Wednesday, 1 July 2015

Don’t pull your punches

These days people like to believe they’re speaking out courageously. They’re telling truths that others dare not tell, saying the unsayable and boldly articulating what no man has articulated before.

Anyway that’s what Bishop Tom Butler seemed to be trying to do on Today’s Thought for the Day. He had an anecdote for us about preventing extremism, which contained a knowing message, which I took to be:  All religions have nasty, violent and vengeful bits, and before true openness and interfaith understanding can be achieved these unpalatable passages need to be brought out into the open, and preferably rejected or at least adapted to fit civilised society. And Bob’s your uncle. Extremism tackled.

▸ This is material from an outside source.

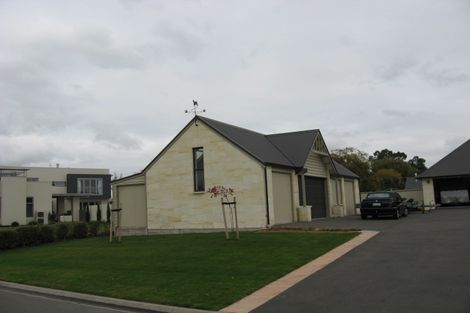 Photo of property in 2 Taunton Green, Papanui, Christchurch, 8052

However, the anecdote he proceeded to deliver did not cite or specify the nasty, vengeful, racist bits in the Quran. You know, those parts which  inspire the particular ‘extremism’  that’s causing all the current difficulties.

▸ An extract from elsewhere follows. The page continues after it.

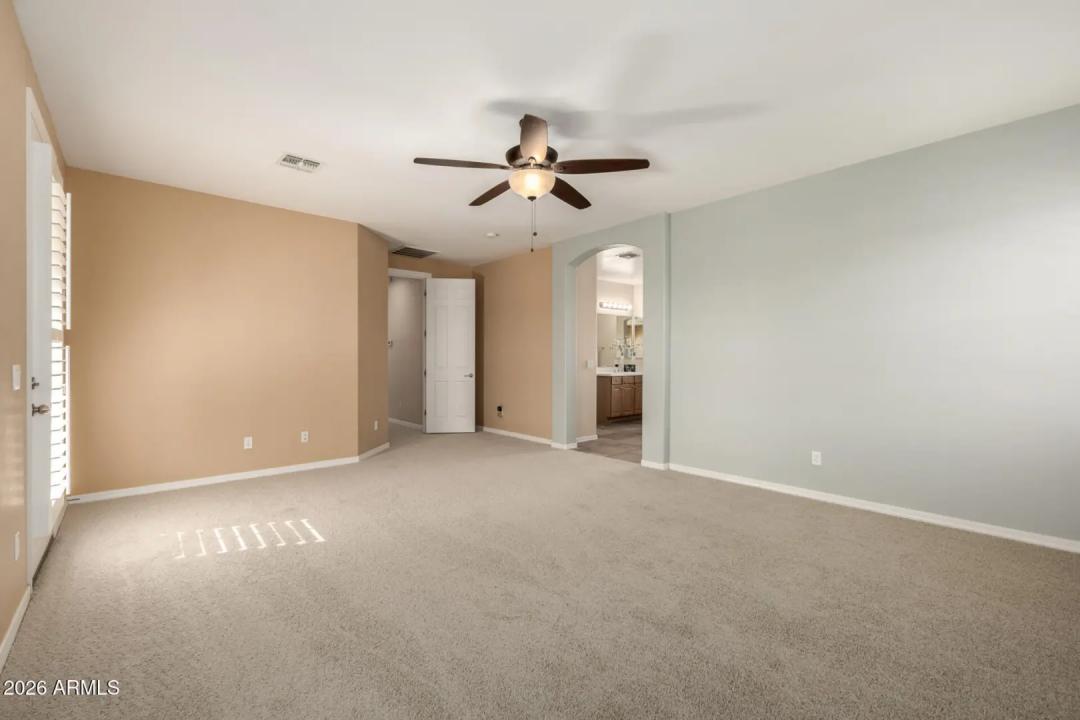 Real Estate Picture 27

No. Bishop Butler must have thought we weren’t ready to hear any of that; perhaps he wasn’t quite ready to say it.  Instead he used an analogy. Don’t bother to rack your brains any further, his tale concerned a Jewish rabbi.
  
At some interfaith gathering or other, the particular party game they were playing required all the multi-faith religious leaders to read out an uplifting verse from their own particular sacred scriptures.  But the rabbi was ill, so he had kindly sent his chosen verses (from psalm137) to be read out.

“You devastator! Happy shall they be who pay them back for what you have done to us. Happy shall they be who take your little ones and dash them against the rock” 

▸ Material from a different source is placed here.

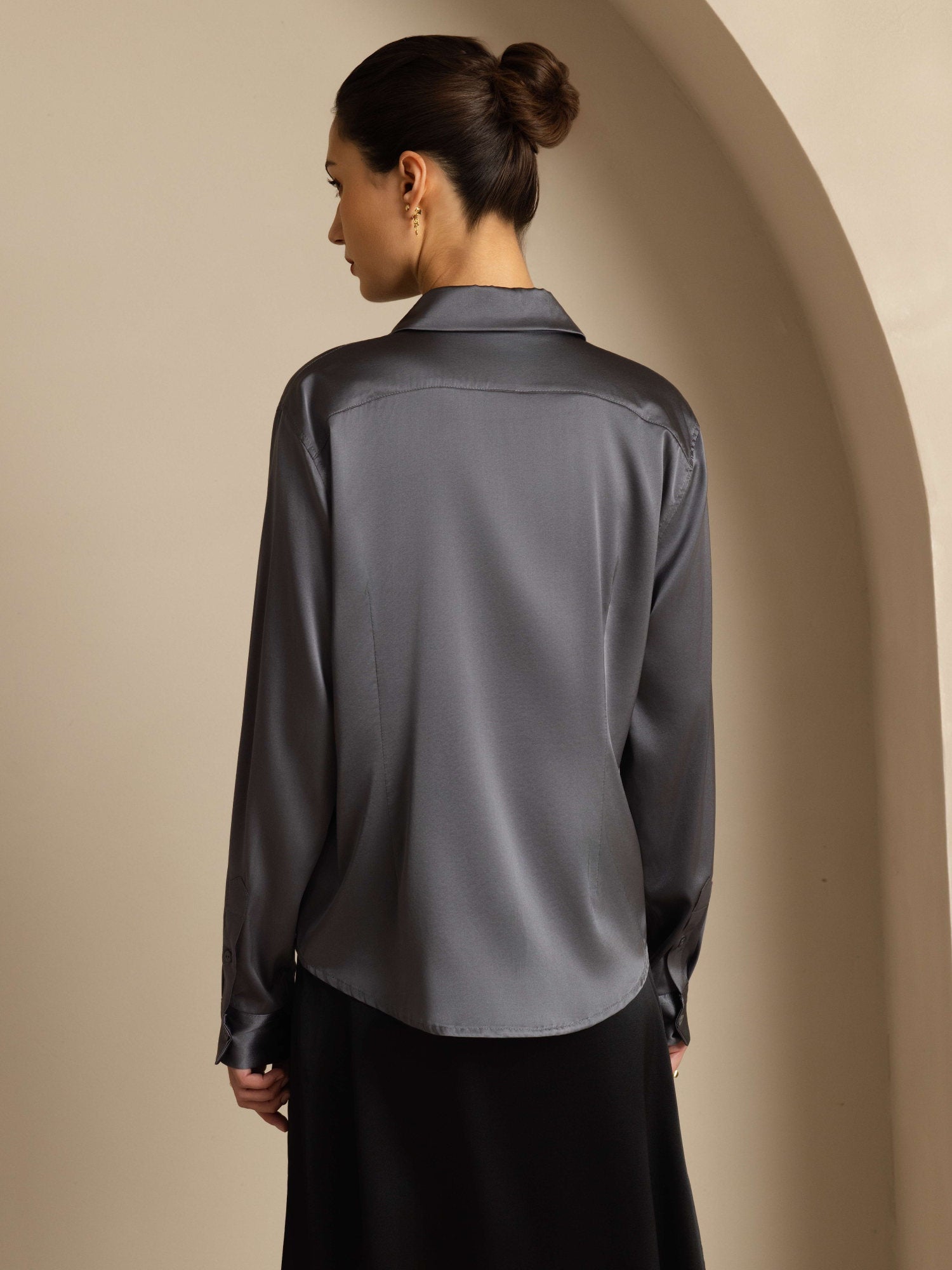 [Donkergrijs] SilkSilky-NL 19Momme Lange Mouw Reverskraag Dames Blouse 002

“There was a stunned silence. Later I met the rabbi and asked him why ever did you choose that lamentable psalm?” 
continued Bishop Butler, getting into his stride, and recounting the rabbi's reply as follows: 

“All our scriptures have difficult and even scandalous passages, and we won’t make real progress in interfaith relationships until we have the courage to discuss those with one another”

The Bishop followed this with what he undoubtedly intended as his TFTD message, although one might speculate that several unintended messages had already been delivered.
“As a Christian it made me think of the leader of the Jonestown community who, before they committed mass suicide, was fond of quoting to the Christian followers of his extremist sect the words from St. Luke’s gospel. “Whoever does not hate father and mother wife and children, brothers and sisters cannot be my disciple.”
It’s commonly said that people committing atrocities are not real members of the faith they’re dying for or killing for, but that’s certainly not their own understanding. They’re feeding on certain verses on their sacred scriptures or events in their faith history, which encourage them to act in extreme or even violent ways. Well the truth is that any world faith doesn’t have a single colour to its understanding of God and the world. It’s a spectrum of colours.”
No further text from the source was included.